╔══

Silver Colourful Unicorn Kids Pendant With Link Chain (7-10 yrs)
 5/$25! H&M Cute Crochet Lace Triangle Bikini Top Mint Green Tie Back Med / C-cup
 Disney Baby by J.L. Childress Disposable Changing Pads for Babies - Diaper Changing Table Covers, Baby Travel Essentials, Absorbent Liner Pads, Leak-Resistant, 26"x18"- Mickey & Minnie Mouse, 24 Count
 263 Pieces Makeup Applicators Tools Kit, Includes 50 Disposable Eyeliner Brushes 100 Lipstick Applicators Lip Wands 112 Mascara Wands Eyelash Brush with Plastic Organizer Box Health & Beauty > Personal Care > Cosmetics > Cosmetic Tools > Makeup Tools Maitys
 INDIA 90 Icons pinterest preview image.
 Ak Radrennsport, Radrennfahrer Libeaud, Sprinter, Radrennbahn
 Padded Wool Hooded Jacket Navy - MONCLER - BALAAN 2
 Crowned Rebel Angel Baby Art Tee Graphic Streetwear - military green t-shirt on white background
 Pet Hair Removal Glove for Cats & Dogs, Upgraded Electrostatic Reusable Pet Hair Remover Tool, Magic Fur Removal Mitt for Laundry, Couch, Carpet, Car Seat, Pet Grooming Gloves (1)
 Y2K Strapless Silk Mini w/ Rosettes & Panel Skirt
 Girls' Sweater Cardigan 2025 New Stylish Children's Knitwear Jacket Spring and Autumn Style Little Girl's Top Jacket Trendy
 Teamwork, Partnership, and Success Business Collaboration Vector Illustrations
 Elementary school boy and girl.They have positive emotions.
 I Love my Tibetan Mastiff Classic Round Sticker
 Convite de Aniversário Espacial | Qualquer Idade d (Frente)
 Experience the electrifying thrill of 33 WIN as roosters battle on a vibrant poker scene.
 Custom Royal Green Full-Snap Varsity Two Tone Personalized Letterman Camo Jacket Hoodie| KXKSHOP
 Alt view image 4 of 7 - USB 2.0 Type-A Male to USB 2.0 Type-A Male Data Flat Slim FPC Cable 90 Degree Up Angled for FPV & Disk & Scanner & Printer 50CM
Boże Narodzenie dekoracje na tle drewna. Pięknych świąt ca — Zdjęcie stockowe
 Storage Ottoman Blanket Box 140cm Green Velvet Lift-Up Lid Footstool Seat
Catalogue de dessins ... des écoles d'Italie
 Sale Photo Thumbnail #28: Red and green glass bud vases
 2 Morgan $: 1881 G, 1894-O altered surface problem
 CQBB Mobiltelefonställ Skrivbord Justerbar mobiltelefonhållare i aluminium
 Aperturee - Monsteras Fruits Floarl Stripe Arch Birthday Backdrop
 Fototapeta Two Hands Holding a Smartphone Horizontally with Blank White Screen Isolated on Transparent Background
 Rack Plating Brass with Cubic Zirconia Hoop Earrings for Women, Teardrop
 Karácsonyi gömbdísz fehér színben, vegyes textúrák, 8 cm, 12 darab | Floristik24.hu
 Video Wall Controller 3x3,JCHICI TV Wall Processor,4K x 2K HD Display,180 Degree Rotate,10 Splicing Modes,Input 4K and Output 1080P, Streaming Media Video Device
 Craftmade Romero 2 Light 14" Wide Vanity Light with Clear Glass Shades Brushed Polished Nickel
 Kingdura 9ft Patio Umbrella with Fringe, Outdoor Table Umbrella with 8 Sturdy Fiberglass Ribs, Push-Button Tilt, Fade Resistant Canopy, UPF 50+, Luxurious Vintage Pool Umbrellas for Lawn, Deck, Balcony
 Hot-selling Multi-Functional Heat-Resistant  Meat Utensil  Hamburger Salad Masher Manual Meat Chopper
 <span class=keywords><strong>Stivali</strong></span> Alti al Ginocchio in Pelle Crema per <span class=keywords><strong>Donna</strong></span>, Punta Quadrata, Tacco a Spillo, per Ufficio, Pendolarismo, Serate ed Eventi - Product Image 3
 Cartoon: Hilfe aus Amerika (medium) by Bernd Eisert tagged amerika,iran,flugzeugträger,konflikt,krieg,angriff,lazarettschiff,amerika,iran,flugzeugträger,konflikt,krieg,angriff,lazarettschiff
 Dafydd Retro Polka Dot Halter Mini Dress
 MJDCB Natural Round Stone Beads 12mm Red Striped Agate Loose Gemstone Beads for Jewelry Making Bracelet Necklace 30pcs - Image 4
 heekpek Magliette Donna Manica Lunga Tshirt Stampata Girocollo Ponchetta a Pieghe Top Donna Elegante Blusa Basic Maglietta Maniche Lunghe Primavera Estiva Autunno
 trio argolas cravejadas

╚══

In the entries above, find the line holding "Girls' Sweater Cardigan" and the line holding "Elementary school boy"; print both of them and every line between, exactly, and nothing else.

ANSWER SPACE:
 Girls' Sweater Cardigan 2025 New Stylish Children's Knitwear Jacket Spring and Autumn Style Little Girl's Top Jacket Trendy
 Teamwork, Partnership, and Success Business Collaboration Vector Illustrations
 Elementary school boy and girl.They have positive emotions.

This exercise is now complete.